Olimpiadi 2024, Malagò: "Senza no del Campidoglio Roma avrebbe vinto"

"La candidatura era molto forte. Con il Cio - ha aggiunto Malagò - ora si è creata una situazione non positiva per lo sport italiano. Non sarebbero state le Olimpiadi del mattone"

"Senza il no del Comune, Roma ce l'avrebbe fatta a ottenere le Olimpiadi 2024". Sono le parole del Coni Giovanni Malagò a 'Radio anch'io sport'. "Diplomaticamente dicevo che avevamo il 25% di possibilità, ma la candidatura era molto forte, Roma aveva tutte le carte in regola per vincere", ha poi sottolineato.

Ai microfoni della Rai, il presidente del Coni si è poi soffermato sul momento: "Con il Cio ora si è creata una situazione non positiva per lo sport italiano. Il Cio si è comportato bene con noi, e oggi si trova spiazzato rispetto a quel che è successo. Sulla candidatura di Roma 2024 si è creata una situazione atipica, una vicenda tutta italiana", riservandosi di non anticipare i contenuti di una conferenza stampa che terrà domani.

Malagò ha fatto riferimento ai colloqui col presidente del Cio Thomas Bach: "Il Cio ha e deve avere come interlocutore il Coni. Qualsiasi atto o elemento ufficiale passa per questo rapporto".

Malagò ha confermato che "il governo fin dal primo giorno è stato molto chiaro, leale e diretto. Fuori da qualsiasi ragionamento politico o partitico, devo dire che su questo tema nessuno ha mai cambiato idea, salvo il Comune di Roma quando ha cambiato Amministrazione. Se siamo in questa atipicissima situazione, tutta italiana, è dovuto al fatto che noi siamo partiti con un certo tipo di equipaggio e formazione, poi è cambiata Amministrazione e ci siamo ritrovati con uno scenario non prevedibile".

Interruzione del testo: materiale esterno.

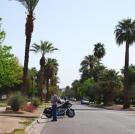 Ed Rosenberg stands with his motorcycle.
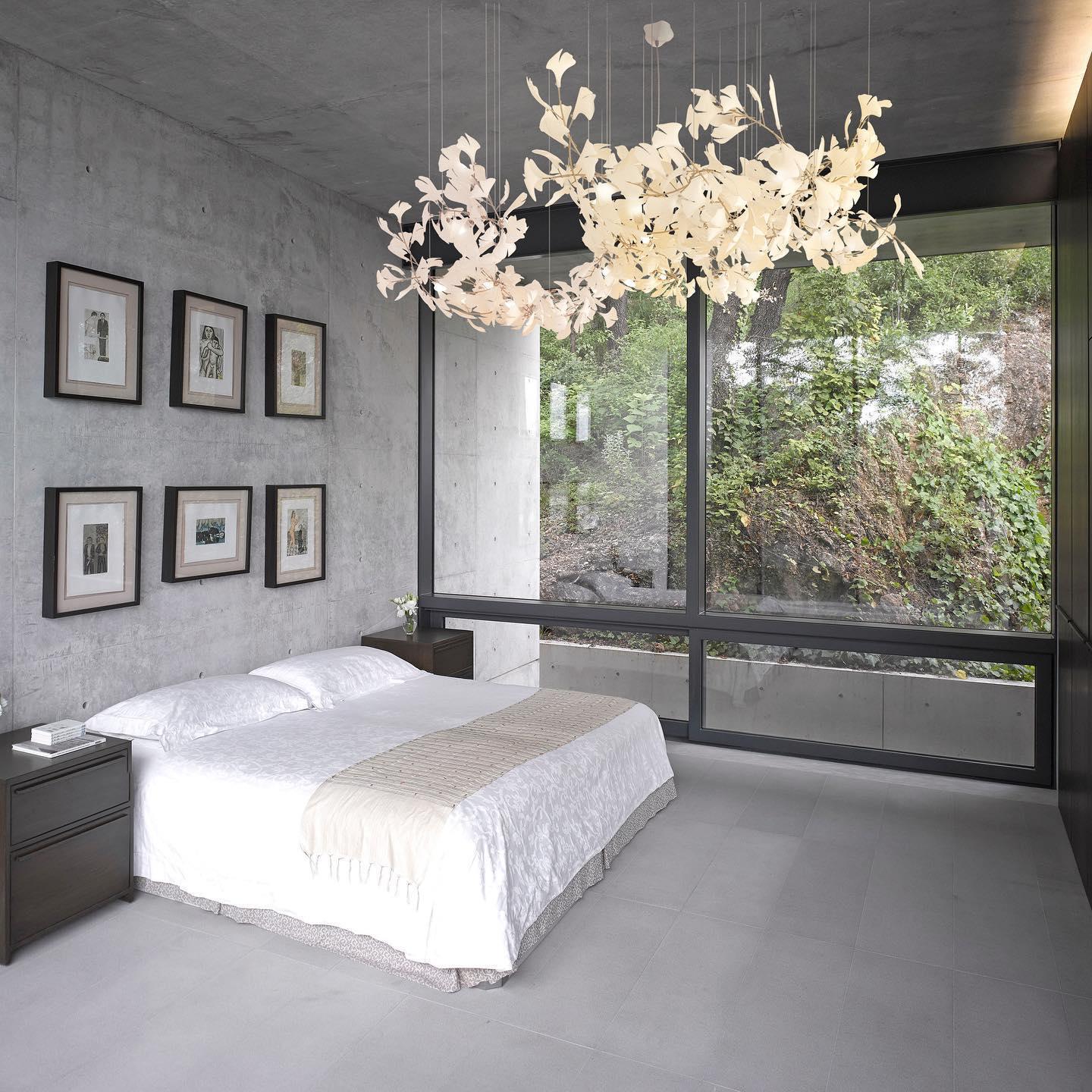 Modern bedroom with concrete walls, large window, dark wood nightstands, and white gold gingko chandelier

"Non è stato serio sostenere che i Giochi di Roma 2024 sarebbero state le Olimpiadi del mattone", ha poi detto Malagò che ha anche spiegato: "Nel nostro programma non si prevedono costruzioni, l'unica cosa nuova sarebbe il villaggio degli atleti per 11mila giovani, che poi resterebbe costruito e utilizzabile per il polo universitario e l'ospedale di una certa zona di Roma. Ma se si optava per un'altra zona della città per noi sarebbe stato lo stesso, sempre mantenendo l'uso pubblico delle strutture. Di fatto non c'era nessun tipo di grande impianto o opera nuova da realizzare. Avremmo per esempio recuperato lo stadio Flaminio che è abbandonato, invece di costruirne uno nuovo".